Copy word for word, please, the lines of the entries below running from the one containing "Navijam Hanok Hotel image" to the one containing "Soccer club geopolitics | 拾書所", both ends included.
### DATA RECORDS ###
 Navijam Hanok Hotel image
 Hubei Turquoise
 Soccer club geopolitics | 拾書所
###
### DATA RECORDS ###
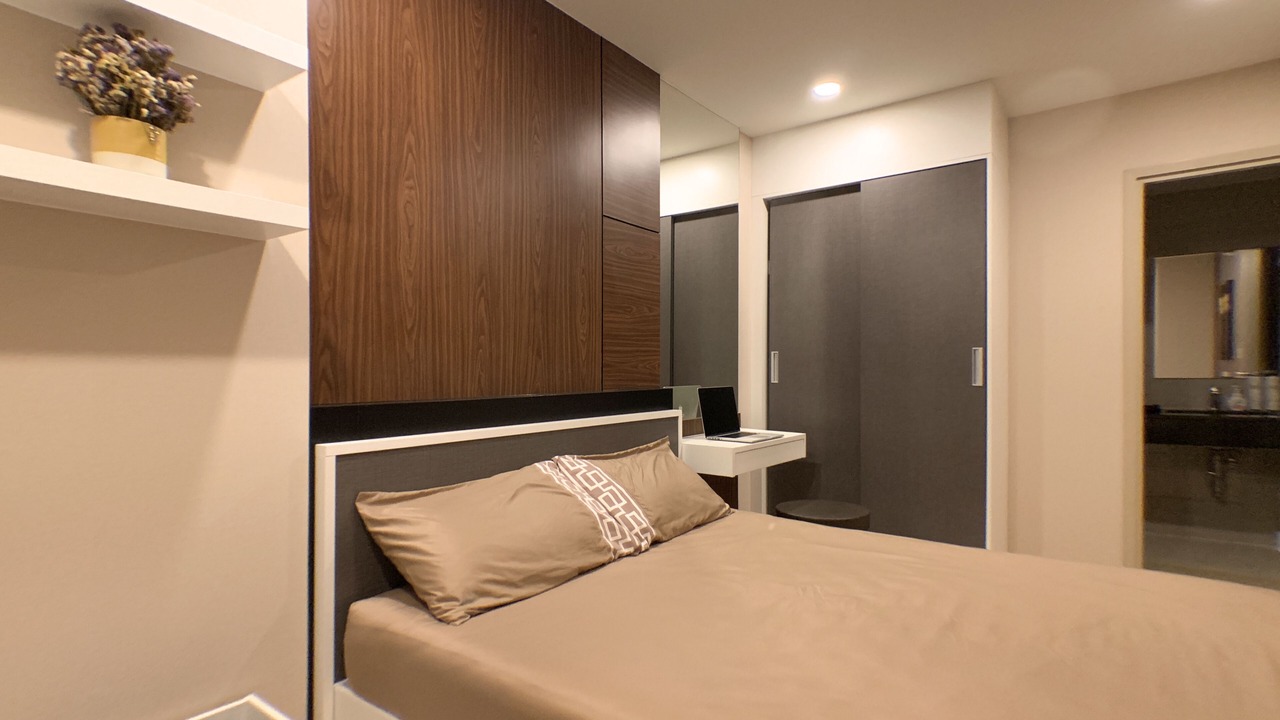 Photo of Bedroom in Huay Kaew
###
§ RESPONSE TO THE TASK
 Navijam Hanok Hotel image
 Hubei Turquoise
 Soccer club geopolitics | 拾書所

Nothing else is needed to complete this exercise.